The trial court recited the pertinent facts in its Pa.R.A.P. 1295(a)
opinion:
On November 12, 2021, C.T., who was 15 years old at the time and in his first year of high school, disclosed to his school counselor, Michelle Racca, that C.T.’s father, [Appellant] Edward Turner, had put his penis in C.T.’s mouth when C.T. was nine years old. C.T. explained to Racca that he and [Appellant] were sitting on the living room couch playing a videogame when [Appellant] asked C.T. to lick his penis. C.T. further told Racca that [Appellant] ejaculated in his mouth. After describing what happened, C.T. began sobbing uncontrollably. When a second school counselor joined C.T. and Racca, C.T. repeated what he told Racca. Racca also permitted C.T. to speak with his mother J-S32017-24
on Racca’s cellphone. When C.T. told his mother about his disclosure to Racca, C.T.’s mother told C.T. to ‘stop talking.’

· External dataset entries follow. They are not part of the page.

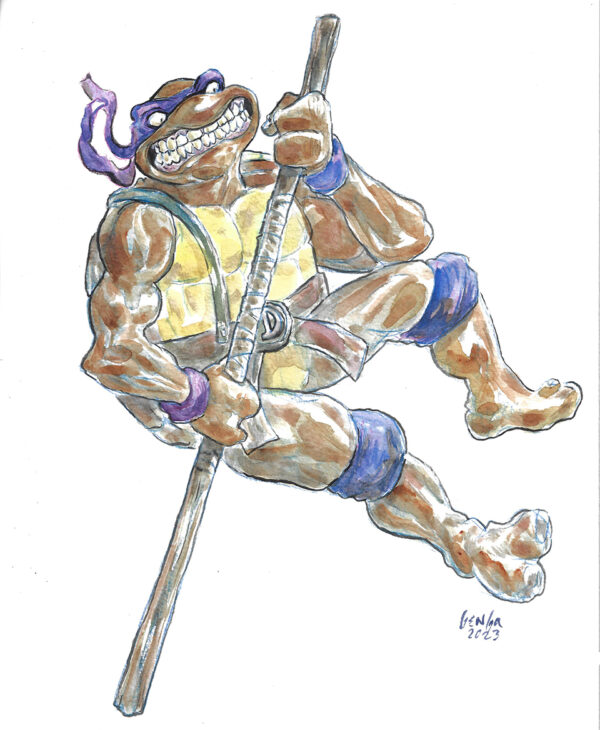 Donatello 2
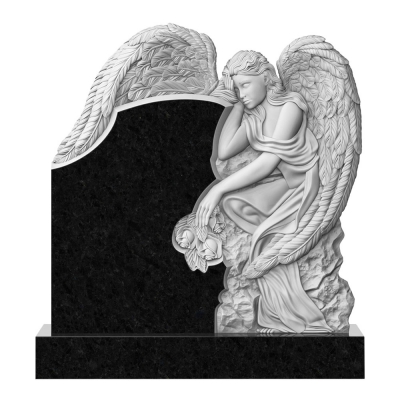 Купить Резной семейный памятник № 25 в Тюмене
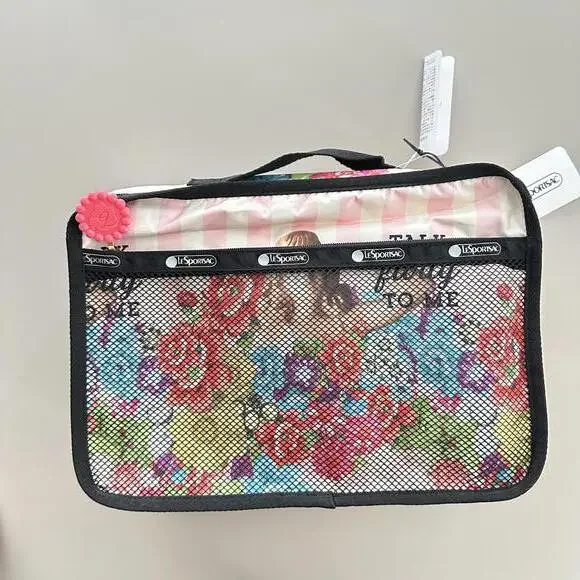 Lesportsac Babies Medium Size Organizer Packing Cube NWT - Picture 2 of 4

Later that day, Racca took C.T. to the Special Victims Unit (SVU) of the Philadelphia Police Department. Detective Kathryn Gordon of the SVU arranged for C.T. to participate in a forensic interview with Colleen Getz of the Philadelphia Children’s Alliance (PCA). Getz used a research-based protocol to conduct a forensic interview of C.T. using non-leading questions. During the videotaped interview, C.T. again disclosed that [Appellant] sexually abused him. C.T. also explained that he felt nervous about what his parents would think about his disclosure and about what would happen from there.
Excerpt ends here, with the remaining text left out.